Short web captions
━━━━

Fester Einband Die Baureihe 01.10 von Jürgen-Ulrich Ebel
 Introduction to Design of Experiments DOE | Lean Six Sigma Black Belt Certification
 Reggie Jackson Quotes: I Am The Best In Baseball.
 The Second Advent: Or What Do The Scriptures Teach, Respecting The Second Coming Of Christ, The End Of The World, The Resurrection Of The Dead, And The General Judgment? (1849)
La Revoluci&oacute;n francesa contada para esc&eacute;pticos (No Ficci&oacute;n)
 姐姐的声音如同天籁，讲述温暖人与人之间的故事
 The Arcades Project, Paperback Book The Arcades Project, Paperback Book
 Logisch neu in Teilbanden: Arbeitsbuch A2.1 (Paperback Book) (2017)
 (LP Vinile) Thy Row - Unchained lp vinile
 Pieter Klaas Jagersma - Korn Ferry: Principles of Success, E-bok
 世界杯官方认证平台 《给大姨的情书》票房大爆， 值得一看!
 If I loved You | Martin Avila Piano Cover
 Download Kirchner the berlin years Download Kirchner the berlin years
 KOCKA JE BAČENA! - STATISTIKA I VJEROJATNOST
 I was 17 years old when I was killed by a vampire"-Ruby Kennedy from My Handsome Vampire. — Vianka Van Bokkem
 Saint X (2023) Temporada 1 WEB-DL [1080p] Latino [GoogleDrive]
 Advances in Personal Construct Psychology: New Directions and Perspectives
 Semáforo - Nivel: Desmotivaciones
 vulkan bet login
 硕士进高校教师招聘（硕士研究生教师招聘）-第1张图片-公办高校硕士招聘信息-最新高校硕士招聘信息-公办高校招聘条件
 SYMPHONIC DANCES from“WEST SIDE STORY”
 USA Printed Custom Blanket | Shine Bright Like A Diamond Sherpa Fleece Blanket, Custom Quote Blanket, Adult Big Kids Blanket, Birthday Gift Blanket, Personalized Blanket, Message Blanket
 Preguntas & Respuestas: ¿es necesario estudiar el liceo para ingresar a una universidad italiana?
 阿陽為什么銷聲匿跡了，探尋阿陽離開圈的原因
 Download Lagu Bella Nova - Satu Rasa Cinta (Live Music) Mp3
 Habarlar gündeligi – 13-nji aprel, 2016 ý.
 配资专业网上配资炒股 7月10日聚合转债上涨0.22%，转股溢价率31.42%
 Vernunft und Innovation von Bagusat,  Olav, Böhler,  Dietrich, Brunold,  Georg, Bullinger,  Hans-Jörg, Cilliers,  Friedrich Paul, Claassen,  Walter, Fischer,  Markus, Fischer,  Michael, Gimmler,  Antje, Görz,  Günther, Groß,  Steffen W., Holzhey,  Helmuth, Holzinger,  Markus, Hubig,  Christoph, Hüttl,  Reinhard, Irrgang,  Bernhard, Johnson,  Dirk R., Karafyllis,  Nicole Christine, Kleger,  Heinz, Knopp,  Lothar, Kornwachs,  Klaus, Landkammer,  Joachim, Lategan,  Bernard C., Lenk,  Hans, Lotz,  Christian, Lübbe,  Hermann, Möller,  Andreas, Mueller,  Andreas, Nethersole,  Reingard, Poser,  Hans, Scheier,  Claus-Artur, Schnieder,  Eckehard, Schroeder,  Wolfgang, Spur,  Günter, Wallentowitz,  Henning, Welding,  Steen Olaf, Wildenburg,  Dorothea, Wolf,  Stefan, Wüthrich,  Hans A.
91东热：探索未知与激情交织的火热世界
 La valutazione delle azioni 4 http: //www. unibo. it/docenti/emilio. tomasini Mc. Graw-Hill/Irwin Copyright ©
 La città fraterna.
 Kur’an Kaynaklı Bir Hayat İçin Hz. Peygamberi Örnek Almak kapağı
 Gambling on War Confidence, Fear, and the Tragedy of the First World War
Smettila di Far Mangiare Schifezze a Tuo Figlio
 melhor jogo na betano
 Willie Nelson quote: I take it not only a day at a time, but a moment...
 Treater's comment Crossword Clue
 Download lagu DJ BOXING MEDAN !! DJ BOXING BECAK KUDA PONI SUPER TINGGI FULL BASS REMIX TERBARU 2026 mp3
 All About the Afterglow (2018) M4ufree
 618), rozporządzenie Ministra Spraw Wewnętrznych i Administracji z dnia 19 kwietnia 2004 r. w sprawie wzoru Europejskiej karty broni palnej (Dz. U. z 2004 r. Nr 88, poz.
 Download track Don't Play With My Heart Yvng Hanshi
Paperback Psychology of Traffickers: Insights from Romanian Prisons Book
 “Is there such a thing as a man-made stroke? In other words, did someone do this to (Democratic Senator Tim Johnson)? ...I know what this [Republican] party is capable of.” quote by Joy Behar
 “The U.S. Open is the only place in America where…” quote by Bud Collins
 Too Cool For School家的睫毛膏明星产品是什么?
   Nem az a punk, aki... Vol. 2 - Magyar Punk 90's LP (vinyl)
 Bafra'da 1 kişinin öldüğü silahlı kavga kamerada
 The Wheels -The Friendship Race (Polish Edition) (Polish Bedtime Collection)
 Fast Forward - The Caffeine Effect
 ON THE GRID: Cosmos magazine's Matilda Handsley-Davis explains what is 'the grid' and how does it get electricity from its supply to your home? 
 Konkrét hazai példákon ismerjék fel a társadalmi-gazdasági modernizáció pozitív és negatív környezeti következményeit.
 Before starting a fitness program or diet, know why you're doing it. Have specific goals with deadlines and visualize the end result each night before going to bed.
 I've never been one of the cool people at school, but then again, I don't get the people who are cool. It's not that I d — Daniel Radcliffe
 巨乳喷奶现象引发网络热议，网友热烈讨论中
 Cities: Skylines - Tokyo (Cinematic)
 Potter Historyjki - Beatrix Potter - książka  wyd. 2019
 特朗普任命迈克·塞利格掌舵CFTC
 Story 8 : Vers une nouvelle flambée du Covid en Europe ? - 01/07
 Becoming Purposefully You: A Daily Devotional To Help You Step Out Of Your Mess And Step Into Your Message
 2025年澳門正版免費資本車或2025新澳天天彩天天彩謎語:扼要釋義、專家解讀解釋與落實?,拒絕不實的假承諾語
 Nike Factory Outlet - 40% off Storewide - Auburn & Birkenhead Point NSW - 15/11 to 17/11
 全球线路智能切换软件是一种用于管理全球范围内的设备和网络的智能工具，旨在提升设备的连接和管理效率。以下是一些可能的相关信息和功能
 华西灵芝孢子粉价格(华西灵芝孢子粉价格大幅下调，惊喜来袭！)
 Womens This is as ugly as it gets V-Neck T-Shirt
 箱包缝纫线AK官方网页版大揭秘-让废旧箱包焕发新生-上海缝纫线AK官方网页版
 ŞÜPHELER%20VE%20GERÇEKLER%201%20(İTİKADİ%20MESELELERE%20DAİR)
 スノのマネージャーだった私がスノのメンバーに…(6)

━━━━

> Problem
Nothing but the lines from the beginning of the records through the line with "The Second Advent: Or" should appear, each printed exactly.

> Exercise answer
Fester Einband Die Baureihe 01.10 von Jürgen-Ulrich Ebel
 Introduction to Design of Experiments DOE | Lean Six Sigma Black Belt Certification
 Reggie Jackson Quotes: I Am The Best In Baseball.
 The Second Advent: Or What Do The Scriptures Teach, Respecting The Second Coming Of Christ, The End Of The World, The Resurrection Of The Dead, And The General Judgment? (1849)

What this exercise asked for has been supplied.